Debt and other liabilities become risky for a business when it cannot easily fulfill those obligations, either with free cash flow or by raising capital at an attractive price. In the worst case scenario, a company can go bankrupt if it cannot pay its creditors. However, a more frequent (but still costly) occurrence is where a company must issue shares at bargain-basement prices, permanently diluting shareholders, just to shore up its balance sheet. Of course, plenty of companies use debt to fund growth, without any negative consequences. When we examine debt levels, we first consider both cash and debt levels, together.

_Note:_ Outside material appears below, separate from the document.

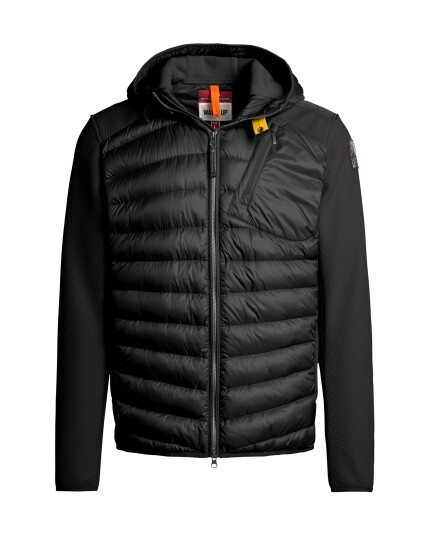 Parajumpers Nolan Fleece Hooded Jacket M Black (Storlek XXL)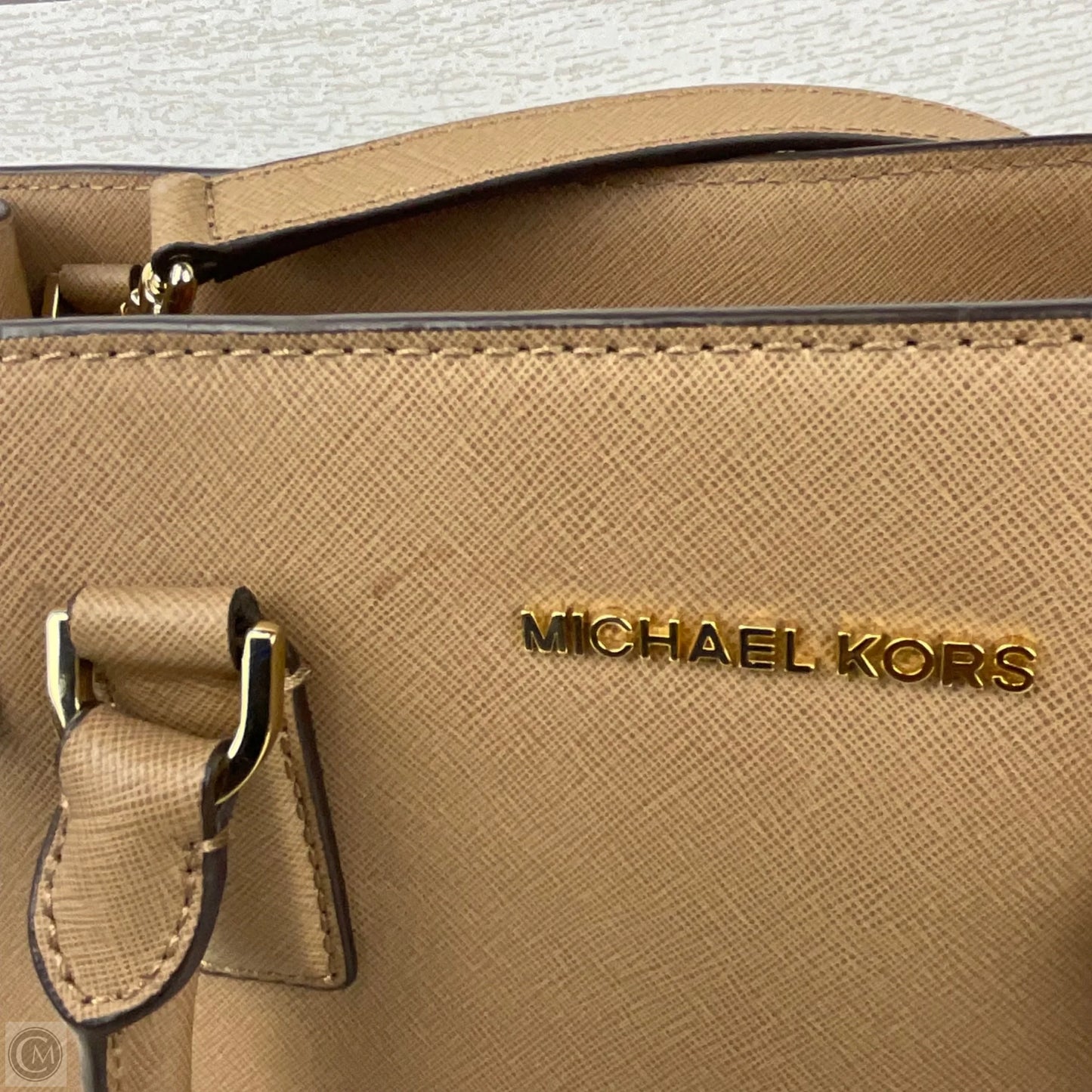 Handbag Designer By Michael Kors, Size: Medium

Check out our latest analysis for Copart

What Is Copart's Net Debt?

The chart below, which you can click on for greater detail, shows that Copart had US$397.6m in debt in April 2021; about the same as the year before. However, its balance sheet shows it holds US$911.9m in cash, so it actually has US$514.3m net cash.

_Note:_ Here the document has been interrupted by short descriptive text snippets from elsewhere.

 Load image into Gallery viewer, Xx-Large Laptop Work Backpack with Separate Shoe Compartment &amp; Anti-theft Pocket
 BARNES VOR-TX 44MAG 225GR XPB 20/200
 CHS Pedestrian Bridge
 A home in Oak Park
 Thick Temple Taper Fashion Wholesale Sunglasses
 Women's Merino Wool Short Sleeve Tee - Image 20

debt-equity-history-analysis
NasdaqGS:CPRT Debt to Equity History July 16th 2021

A Look At Copart's Liabilities

The latest balance sheet data shows that Copart had liabilities of US$413.0m due within a year, and liabilities of US$619.5m falling due after that. Offsetting these obligations, it had cash of US$911.9m as well as receivables valued at US$107.7m due within 12 months. So its total liabilities are just about perfectly matched by its shorter-term, liquid assets.

Having regard to Copart's size, it seems that its liquid assets are well balanced with its total liabilities. So while it's hard to imagine that the US$33.0b company is struggling for cash, we still think it's worth monitoring its balance sheet. Despite its noteworthy liabilities, Copart boasts net cash, so it's fair to say it does not have a heavy debt load!

Also positive, Copart grew its EBIT by 30% in the last year, and that should make it easier to pay down debt, going forward. The balance sheet is clearly the area to focus on when you are analysing debt. But ultimately the future profitability of the business will decide if Copart can strengthen its balance sheet over time. So if you want to see what the professionals think, you might find this free report on analyst profit forecasts to be interesting.

Finally, a company can only pay off debt with cold hard cash, not accounting profits. Copart may have net cash on the balance sheet, but it is still interesting to look at how well the business converts its earnings before interest and tax (EBIT) to free cash flow, because that will influence both its need for, and its capacity to manage debt. Looking at the most recent three years, Copart recorded free cash flow of 42% of its EBIT, which is weaker than we'd expect. That weak cash conversion makes it more difficult to handle indebtedness.

Summing up

We could understand if investors are concerned about Copart's liabilities, but we can be reassured by the fact it has has net cash of US$514.3m. And it impressed us with its EBIT growth of 30% over the last year. So we don't think Copart's use of debt is risky. When analysing debt levels, the balance sheet is the obvious place to start. However, not all investment risk resides within the balance sheet - far from it. We've identified 1 warning sign with Copart , and understanding them should be part of your investment process.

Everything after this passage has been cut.